**Task to carry out:**
In your copy of the data, keep every word exact and include no pictures.

**Collected material:**
---*---
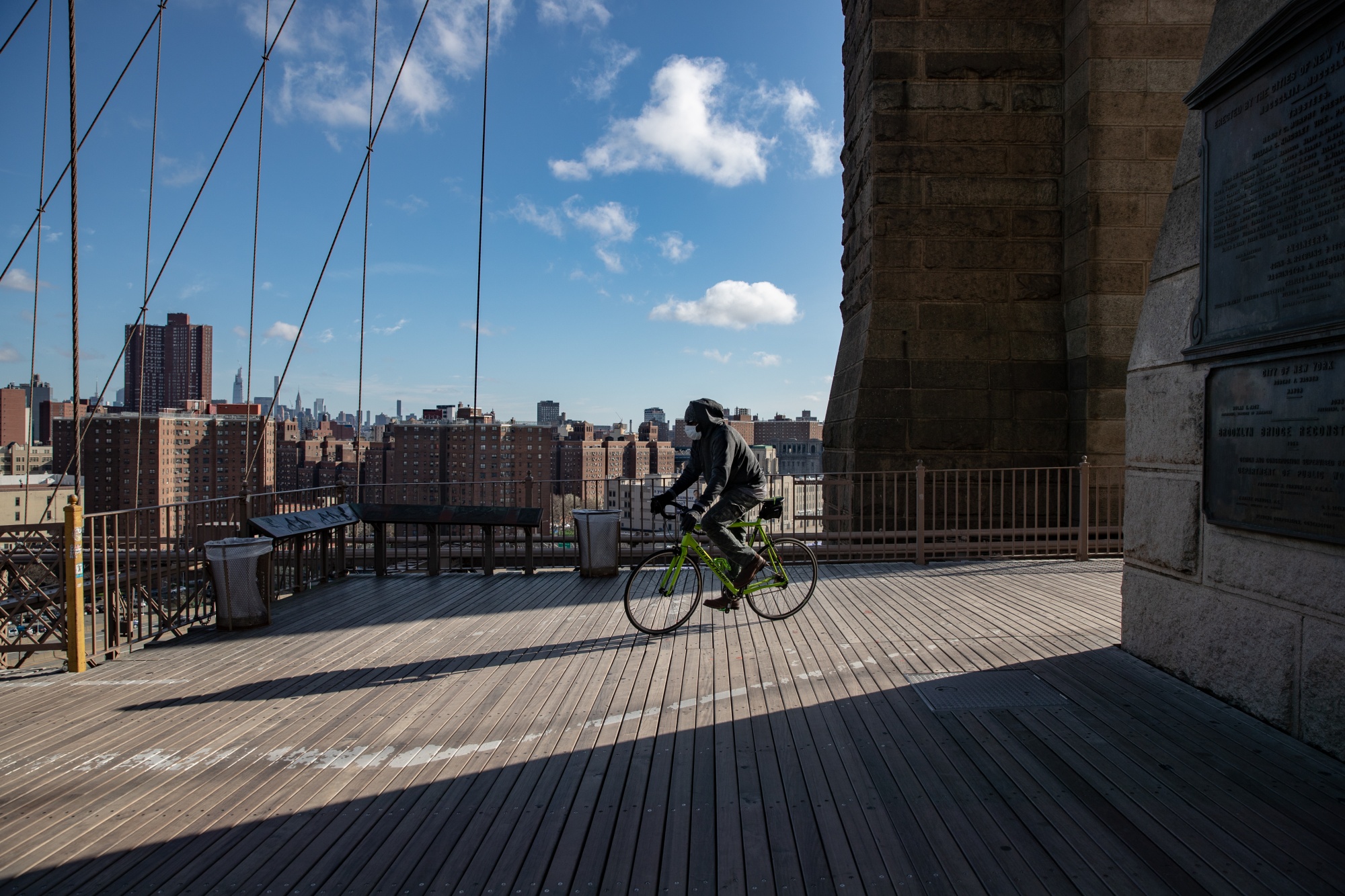 A person rides a bicycle across the Brooklyn Bridge in New York on April 1.
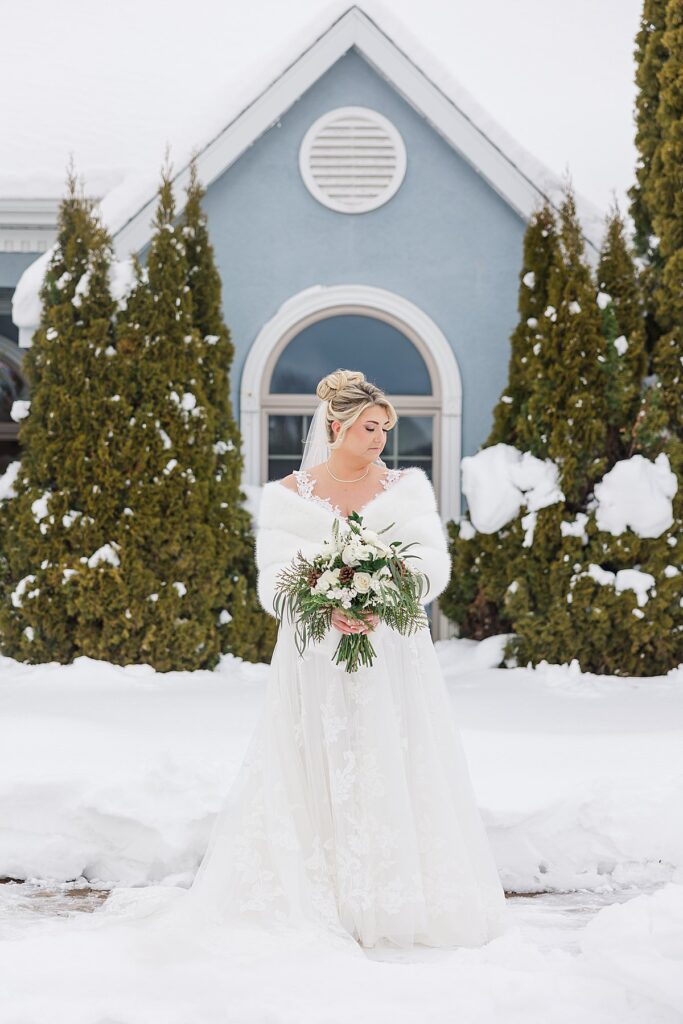 Bride standing in her wedding dress during winter wedding morning preparations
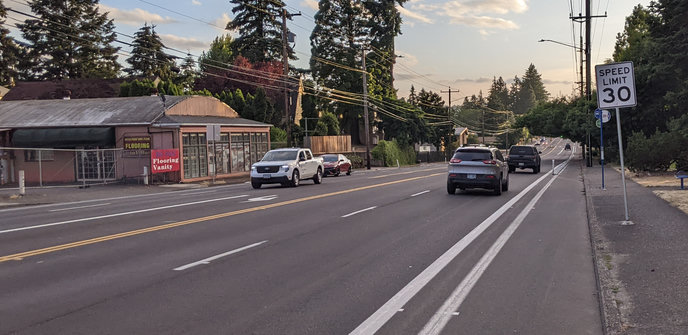 Five lane stroad with buffered and sometimes curb-protected bike lanes, curb-tight sidewalks, sun setting other conifer trees and Mt Tabor.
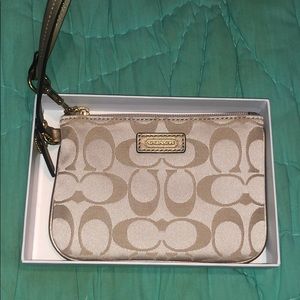 New never used Coach signature tan zip wristlet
---*---
**Output of the exercise:**
 A person rides a bicycle across the Brooklyn Bridge in New York on April 1.
 Bride standing in her wedding dress during winter wedding morning preparations
 Five lane stroad with buffered and sometimes curb-protected bike lanes, curb-tight sidewalks, sun setting other conifer trees and Mt Tabor.
 New never used Coach signature tan zip wristlet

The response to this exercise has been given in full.